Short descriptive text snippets
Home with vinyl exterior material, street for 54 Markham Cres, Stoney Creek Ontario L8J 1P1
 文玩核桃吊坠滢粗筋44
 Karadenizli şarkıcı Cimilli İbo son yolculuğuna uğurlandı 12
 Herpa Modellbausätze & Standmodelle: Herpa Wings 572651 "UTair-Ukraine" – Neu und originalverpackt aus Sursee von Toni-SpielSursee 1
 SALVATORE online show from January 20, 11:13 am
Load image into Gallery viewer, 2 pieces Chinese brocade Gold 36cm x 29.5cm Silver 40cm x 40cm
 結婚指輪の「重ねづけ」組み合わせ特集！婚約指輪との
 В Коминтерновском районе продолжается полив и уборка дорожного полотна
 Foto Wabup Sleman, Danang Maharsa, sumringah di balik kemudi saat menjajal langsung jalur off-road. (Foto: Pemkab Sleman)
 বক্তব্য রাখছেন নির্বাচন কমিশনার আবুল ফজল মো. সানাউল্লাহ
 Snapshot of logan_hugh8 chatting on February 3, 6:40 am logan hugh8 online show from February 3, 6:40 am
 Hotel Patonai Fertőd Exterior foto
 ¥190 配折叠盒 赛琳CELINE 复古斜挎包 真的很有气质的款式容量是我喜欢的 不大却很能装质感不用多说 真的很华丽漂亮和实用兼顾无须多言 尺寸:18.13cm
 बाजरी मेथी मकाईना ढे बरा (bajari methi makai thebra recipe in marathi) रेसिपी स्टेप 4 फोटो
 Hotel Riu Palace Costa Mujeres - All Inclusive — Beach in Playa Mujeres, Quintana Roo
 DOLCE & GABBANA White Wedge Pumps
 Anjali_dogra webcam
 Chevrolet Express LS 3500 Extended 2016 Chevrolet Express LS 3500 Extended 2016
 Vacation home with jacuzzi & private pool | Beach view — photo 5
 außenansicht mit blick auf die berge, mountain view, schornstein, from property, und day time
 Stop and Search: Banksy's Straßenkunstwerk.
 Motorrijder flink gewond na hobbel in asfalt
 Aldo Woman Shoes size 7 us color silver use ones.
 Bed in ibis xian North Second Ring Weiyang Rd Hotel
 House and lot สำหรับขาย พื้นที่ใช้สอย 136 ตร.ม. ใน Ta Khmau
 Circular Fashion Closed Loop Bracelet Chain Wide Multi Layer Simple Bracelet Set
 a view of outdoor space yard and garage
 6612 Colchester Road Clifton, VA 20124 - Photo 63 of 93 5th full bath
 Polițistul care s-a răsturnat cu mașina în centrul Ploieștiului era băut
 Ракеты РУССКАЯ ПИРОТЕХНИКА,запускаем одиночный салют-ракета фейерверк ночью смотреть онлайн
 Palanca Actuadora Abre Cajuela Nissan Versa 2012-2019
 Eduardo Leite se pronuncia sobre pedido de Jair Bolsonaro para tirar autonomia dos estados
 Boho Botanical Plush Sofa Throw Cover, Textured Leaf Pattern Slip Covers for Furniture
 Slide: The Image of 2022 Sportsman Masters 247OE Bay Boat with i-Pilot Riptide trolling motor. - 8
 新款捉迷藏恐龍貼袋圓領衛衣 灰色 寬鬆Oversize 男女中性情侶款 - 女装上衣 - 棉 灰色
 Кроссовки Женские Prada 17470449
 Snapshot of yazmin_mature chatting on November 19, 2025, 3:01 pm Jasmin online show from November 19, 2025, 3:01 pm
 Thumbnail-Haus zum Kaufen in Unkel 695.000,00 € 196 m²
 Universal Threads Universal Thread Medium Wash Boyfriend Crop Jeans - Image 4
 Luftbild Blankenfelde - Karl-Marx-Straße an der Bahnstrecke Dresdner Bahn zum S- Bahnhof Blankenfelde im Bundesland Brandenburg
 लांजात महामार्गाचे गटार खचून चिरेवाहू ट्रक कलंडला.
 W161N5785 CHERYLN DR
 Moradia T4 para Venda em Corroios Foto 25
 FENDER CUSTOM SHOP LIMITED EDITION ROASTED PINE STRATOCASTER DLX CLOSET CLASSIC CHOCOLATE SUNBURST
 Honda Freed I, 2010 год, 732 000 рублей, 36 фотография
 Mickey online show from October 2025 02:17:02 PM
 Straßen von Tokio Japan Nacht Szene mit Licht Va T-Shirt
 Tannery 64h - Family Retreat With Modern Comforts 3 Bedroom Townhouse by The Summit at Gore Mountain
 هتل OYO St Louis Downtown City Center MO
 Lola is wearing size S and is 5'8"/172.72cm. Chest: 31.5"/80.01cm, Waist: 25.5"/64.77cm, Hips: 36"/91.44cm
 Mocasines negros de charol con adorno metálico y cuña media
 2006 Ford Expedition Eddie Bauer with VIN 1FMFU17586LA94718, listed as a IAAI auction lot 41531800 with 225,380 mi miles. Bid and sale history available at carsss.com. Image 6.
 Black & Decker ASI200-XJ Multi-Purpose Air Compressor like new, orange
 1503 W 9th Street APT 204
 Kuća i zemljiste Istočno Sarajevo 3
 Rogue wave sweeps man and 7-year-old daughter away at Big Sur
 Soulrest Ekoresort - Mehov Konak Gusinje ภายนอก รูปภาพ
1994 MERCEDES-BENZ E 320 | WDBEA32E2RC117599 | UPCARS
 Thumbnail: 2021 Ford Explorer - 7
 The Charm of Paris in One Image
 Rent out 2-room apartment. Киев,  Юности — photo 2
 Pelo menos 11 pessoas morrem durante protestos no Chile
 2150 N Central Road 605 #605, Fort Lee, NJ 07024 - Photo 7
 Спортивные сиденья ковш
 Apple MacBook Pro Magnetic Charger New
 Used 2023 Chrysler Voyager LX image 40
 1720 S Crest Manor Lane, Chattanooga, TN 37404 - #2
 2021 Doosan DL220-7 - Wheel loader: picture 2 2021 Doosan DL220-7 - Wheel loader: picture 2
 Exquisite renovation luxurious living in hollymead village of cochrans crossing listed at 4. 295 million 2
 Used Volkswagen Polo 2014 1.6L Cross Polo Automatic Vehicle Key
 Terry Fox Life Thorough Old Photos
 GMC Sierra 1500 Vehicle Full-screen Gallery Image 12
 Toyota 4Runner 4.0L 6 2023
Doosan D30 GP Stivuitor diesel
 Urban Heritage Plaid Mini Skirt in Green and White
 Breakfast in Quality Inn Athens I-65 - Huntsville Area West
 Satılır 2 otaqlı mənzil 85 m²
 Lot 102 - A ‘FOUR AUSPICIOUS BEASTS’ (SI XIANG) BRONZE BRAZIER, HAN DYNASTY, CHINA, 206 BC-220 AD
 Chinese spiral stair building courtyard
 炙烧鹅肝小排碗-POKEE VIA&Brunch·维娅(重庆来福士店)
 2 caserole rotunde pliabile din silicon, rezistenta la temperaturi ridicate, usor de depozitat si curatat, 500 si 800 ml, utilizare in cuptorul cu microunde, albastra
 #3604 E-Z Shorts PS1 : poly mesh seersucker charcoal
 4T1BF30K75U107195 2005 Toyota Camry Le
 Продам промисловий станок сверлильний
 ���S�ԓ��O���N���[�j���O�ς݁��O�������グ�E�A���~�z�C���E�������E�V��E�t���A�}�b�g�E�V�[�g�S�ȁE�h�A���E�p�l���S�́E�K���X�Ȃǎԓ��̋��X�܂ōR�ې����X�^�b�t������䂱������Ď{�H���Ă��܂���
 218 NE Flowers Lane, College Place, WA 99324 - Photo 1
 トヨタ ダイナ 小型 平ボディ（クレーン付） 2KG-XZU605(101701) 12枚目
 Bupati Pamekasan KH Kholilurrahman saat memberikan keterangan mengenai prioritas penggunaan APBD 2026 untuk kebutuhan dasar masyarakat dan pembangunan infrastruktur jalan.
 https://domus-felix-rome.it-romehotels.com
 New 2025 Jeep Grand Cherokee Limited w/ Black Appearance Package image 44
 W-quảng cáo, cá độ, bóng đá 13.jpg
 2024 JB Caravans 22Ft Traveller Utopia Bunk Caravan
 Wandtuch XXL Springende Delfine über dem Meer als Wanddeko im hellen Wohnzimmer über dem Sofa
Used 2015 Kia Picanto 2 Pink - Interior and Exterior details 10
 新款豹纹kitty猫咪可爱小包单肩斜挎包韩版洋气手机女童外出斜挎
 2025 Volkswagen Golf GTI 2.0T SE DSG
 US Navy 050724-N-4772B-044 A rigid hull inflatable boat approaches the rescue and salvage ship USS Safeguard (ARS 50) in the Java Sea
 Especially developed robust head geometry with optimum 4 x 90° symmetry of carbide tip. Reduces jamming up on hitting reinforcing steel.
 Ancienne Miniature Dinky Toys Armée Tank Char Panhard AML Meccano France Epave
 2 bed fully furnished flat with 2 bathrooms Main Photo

**WHAT YOU ARE ASKED TO DO**
Would you please reproduce the records above exactly, only from their first line through the line holding "Polițistul care s-a", with both ends included?

**TASK RESPONSE**
Home with vinyl exterior material, street for 54 Markham Cres, Stoney Creek Ontario L8J 1P1
 文玩核桃吊坠滢粗筋44
 Karadenizli şarkıcı Cimilli İbo son yolculuğuna uğurlandı 12
 Herpa Modellbausätze & Standmodelle: Herpa Wings 572651 "UTair-Ukraine" – Neu und originalverpackt aus Sursee von Toni-SpielSursee 1
 SALVATORE online show from January 20, 11:13 am
Load image into Gallery viewer, 2 pieces Chinese brocade Gold 36cm x 29.5cm Silver 40cm x 40cm
 結婚指輪の「重ねづけ」組み合わせ特集！婚約指輪との
 В Коминтерновском районе продолжается полив и уборка дорожного полотна
 Foto Wabup Sleman, Danang Maharsa, sumringah di balik kemudi saat menjajal langsung jalur off-road. (Foto: Pemkab Sleman)
 বক্তব্য রাখছেন নির্বাচন কমিশনার আবুল ফজল মো. সানাউল্লাহ
 Snapshot of logan_hugh8 chatting on February 3, 6:40 am logan hugh8 online show from February 3, 6:40 am
 Hotel Patonai Fertőd Exterior foto
 ¥190 配折叠盒 赛琳CELINE 复古斜挎包 真的很有气质的款式容量是我喜欢的 不大却很能装质感不用多说 真的很华丽漂亮和实用兼顾无须多言 尺寸:18.13cm
 बाजरी मेथी मकाईना ढे बरा (bajari methi makai thebra recipe in marathi) रेसिपी स्टेप 4 फोटो
 Hotel Riu Palace Costa Mujeres - All Inclusive — Beach in Playa Mujeres, Quintana Roo
 DOLCE & GABBANA White Wedge Pumps
 Anjali_dogra webcam
 Chevrolet Express LS 3500 Extended 2016 Chevrolet Express LS 3500 Extended 2016
 Vacation home with jacuzzi & private pool | Beach view — photo 5
 außenansicht mit blick auf die berge, mountain view, schornstein, from property, und day time
 Stop and Search: Banksy's Straßenkunstwerk.
 Motorrijder flink gewond na hobbel in asfalt
 Aldo Woman Shoes size 7 us color silver use ones.
 Bed in ibis xian North Second Ring Weiyang Rd Hotel
 House and lot สำหรับขาย พื้นที่ใช้สอย 136 ตร.ม. ใน Ta Khmau
 Circular Fashion Closed Loop Bracelet Chain Wide Multi Layer Simple Bracelet Set
 a view of outdoor space yard and garage
 6612 Colchester Road Clifton, VA 20124 - Photo 63 of 93 5th full bath
 Polițistul care s-a răsturnat cu mașina în centrul Ploieștiului era băut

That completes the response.